== Information supplied ==

◆ ◆ ◆ ◆ ◆ ◆ ◆

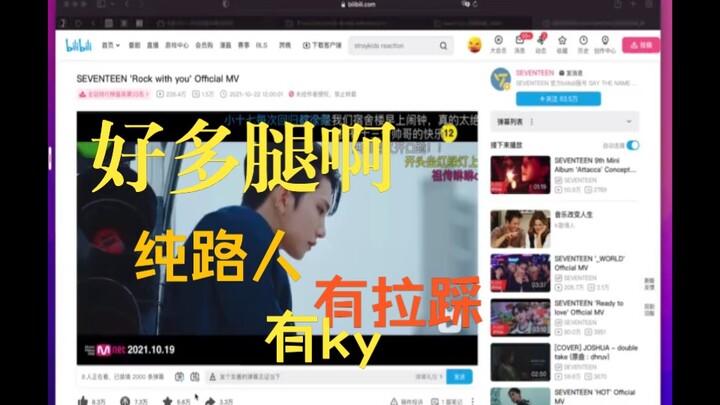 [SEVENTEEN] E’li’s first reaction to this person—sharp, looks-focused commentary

◆ ◆ ◆ ◆ ◆ ◆ ◆

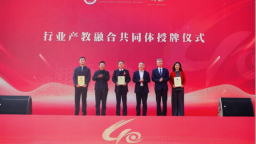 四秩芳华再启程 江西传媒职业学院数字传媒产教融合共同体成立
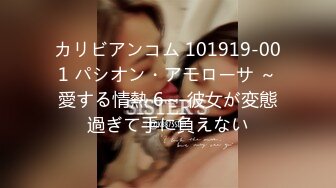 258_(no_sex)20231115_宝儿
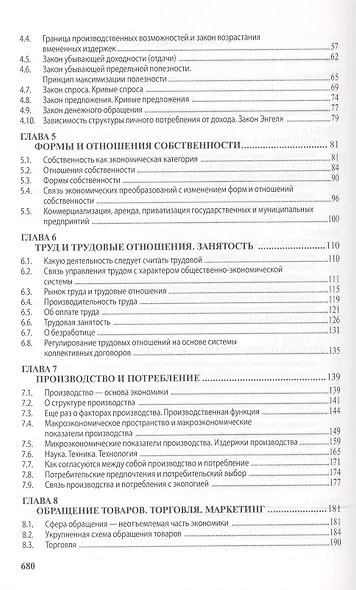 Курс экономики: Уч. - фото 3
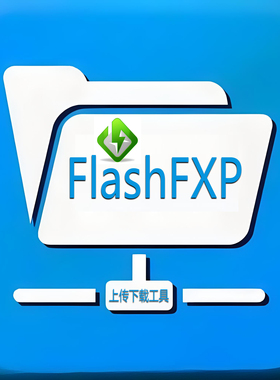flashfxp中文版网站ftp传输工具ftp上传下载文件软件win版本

◆ ◆ ◆ ◆ ◆ ◆ ◆

== Task brief ==
Transcribe the listing above exactly, but only from the line with "258_(no_sex)20231115_宝儿" through the line with "flashfxp中文版网站ftp传输工具ftp上传下载文件软件win版本". Include both of those lines and omit the pictures.

== Solution for this task ==
 258_(no_sex)20231115_宝儿
 Курс экономики: Уч. - фото 3
flashfxp中文版网站ftp传输工具ftp上传下载文件软件win版本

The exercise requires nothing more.